▶ Exercise
Beginning with the first line below, retype exactly each line through the one containing "Navy Ribbed Halter". Leave out all pictures.

▶ Data for analysis
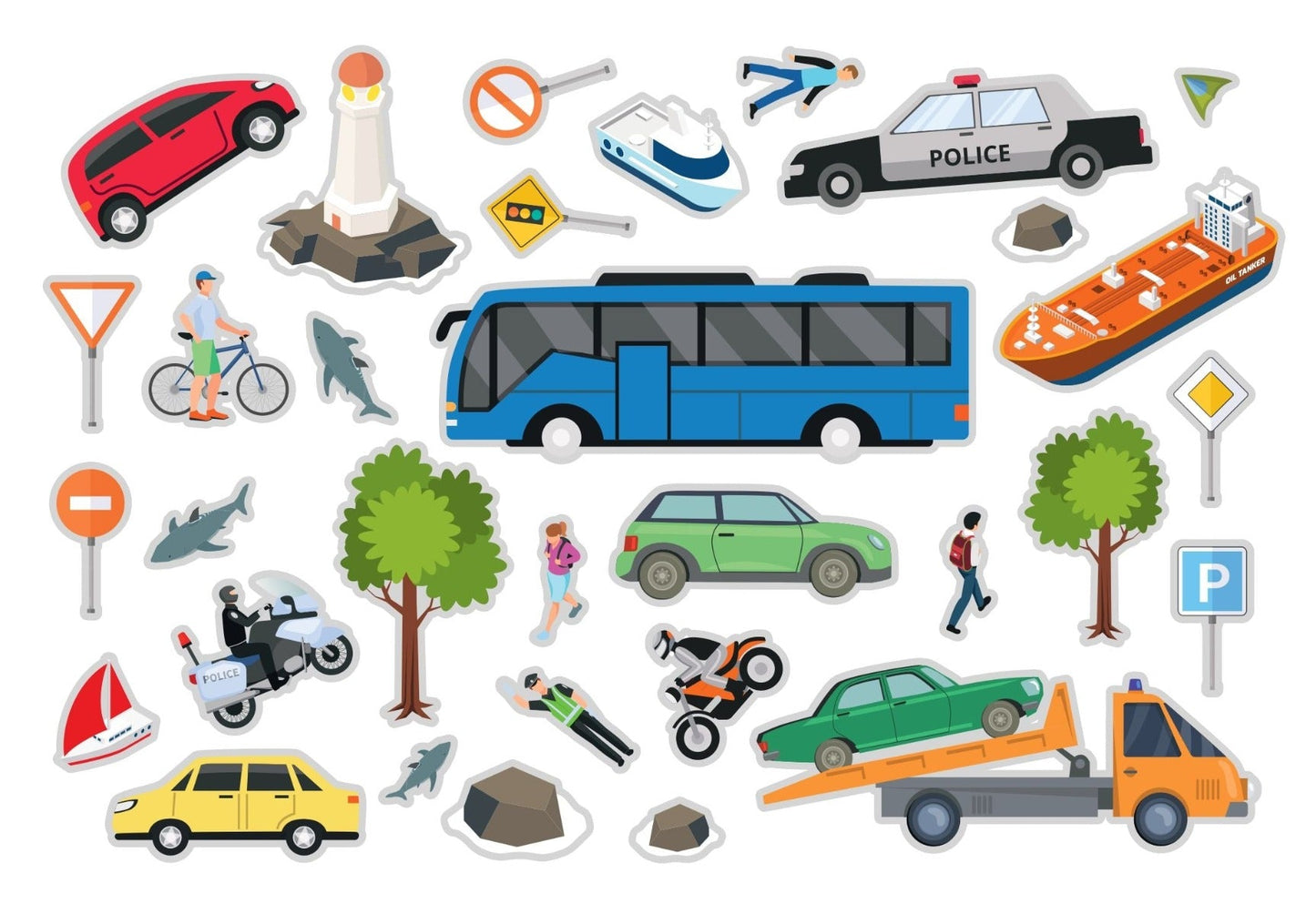 Libro di adesivi riutilizzabile – Veicoli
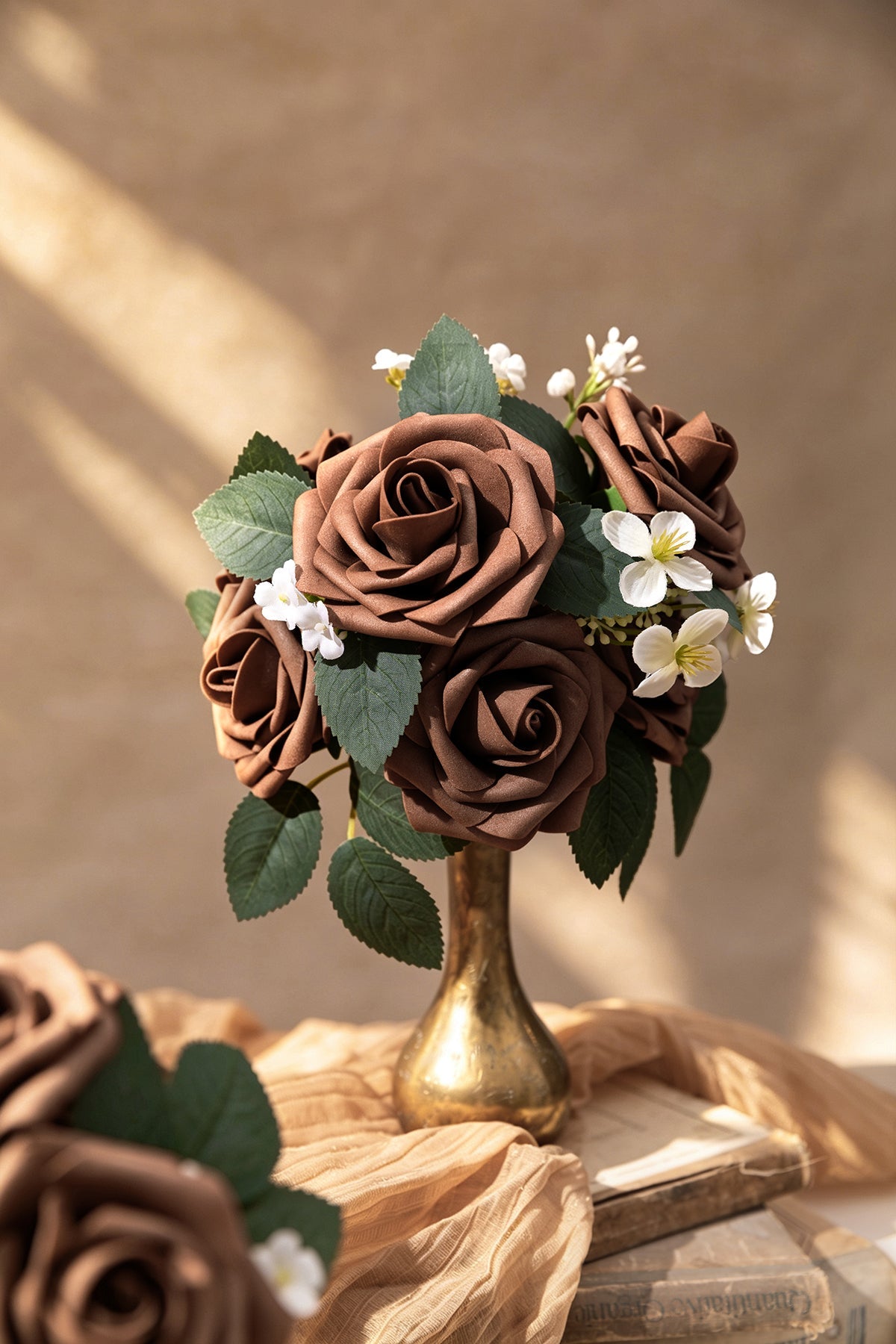 3" Foam Rose with Stem - Earth Brown (25pcs)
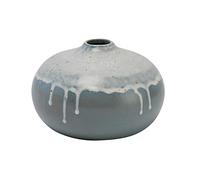 Creative Co-Op Farmhouse Stoneware 2-Tone, Multicolor Reactive Glaze Vase, Blue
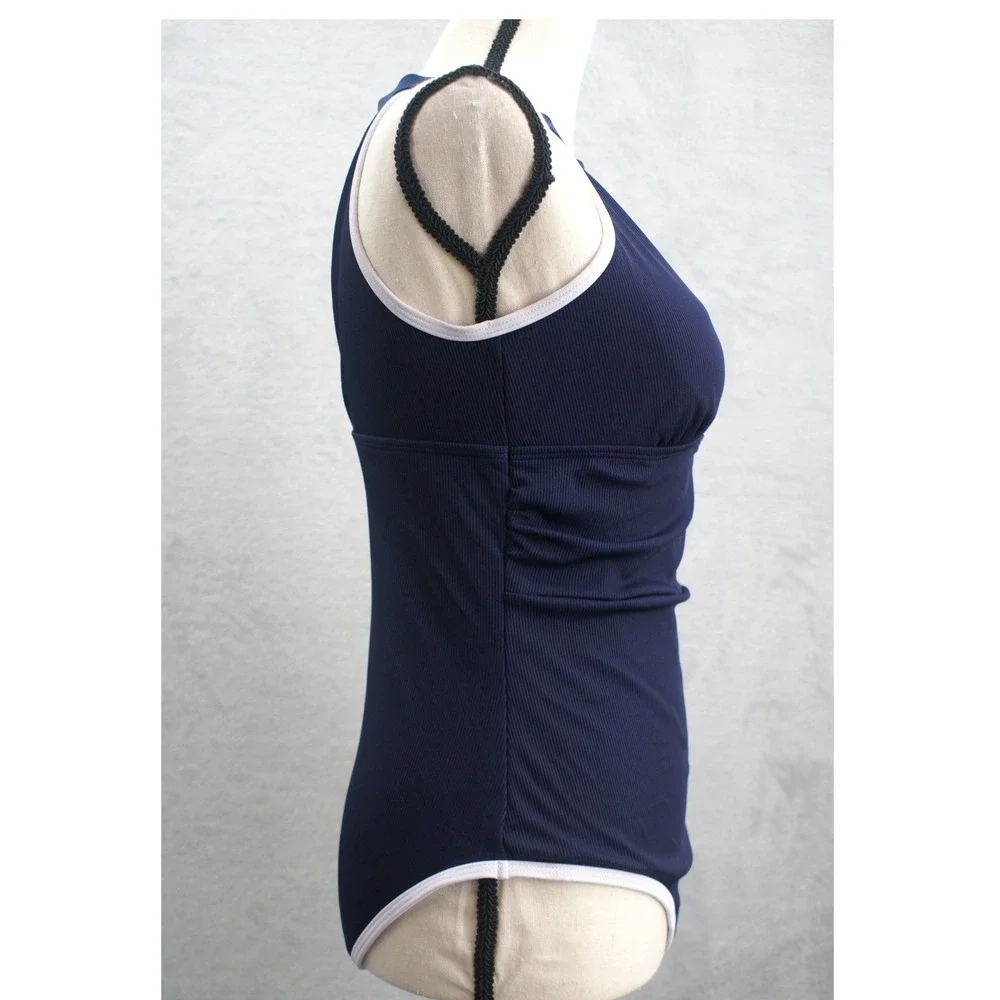 Navy Ribbed Halter One Piece Swimsuit White Trim Keyhole Cutout Women Medium
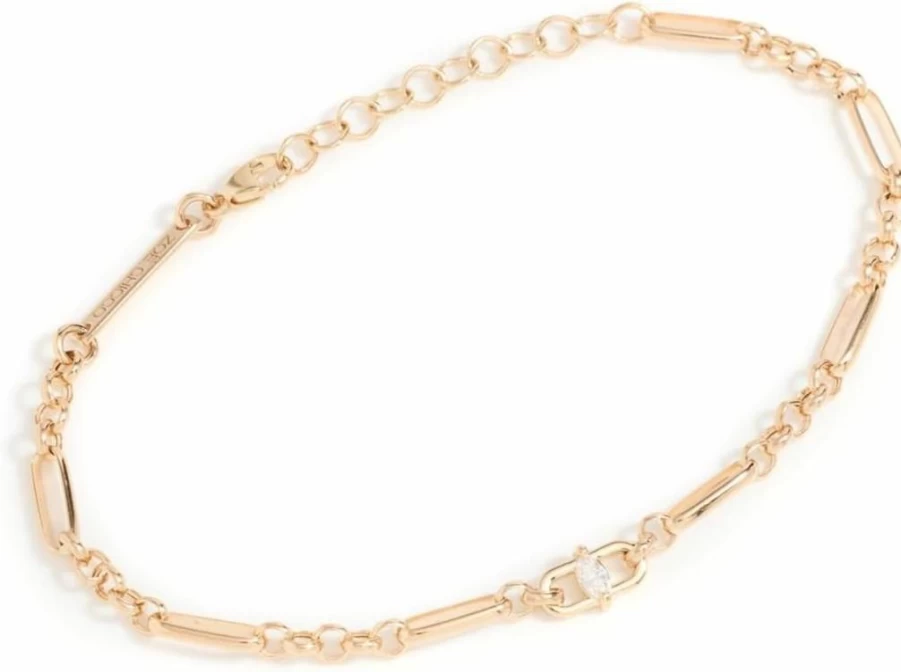 ZOE CHICCO 14K Gold Paperclip Rolo Chain Bracelet with Marquise Diamond for Women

▶ Answer to this problem
 Libro di adesivi riutilizzabile – Veicoli
 3" Foam Rose with Stem - Earth Brown (25pcs)
 Creative Co-Op Farmhouse Stoneware 2-Tone, Multicolor Reactive Glaze Vase, Blue
 Navy Ribbed Halter One Piece Swimsuit White Trim Keyhole Cutout Women Medium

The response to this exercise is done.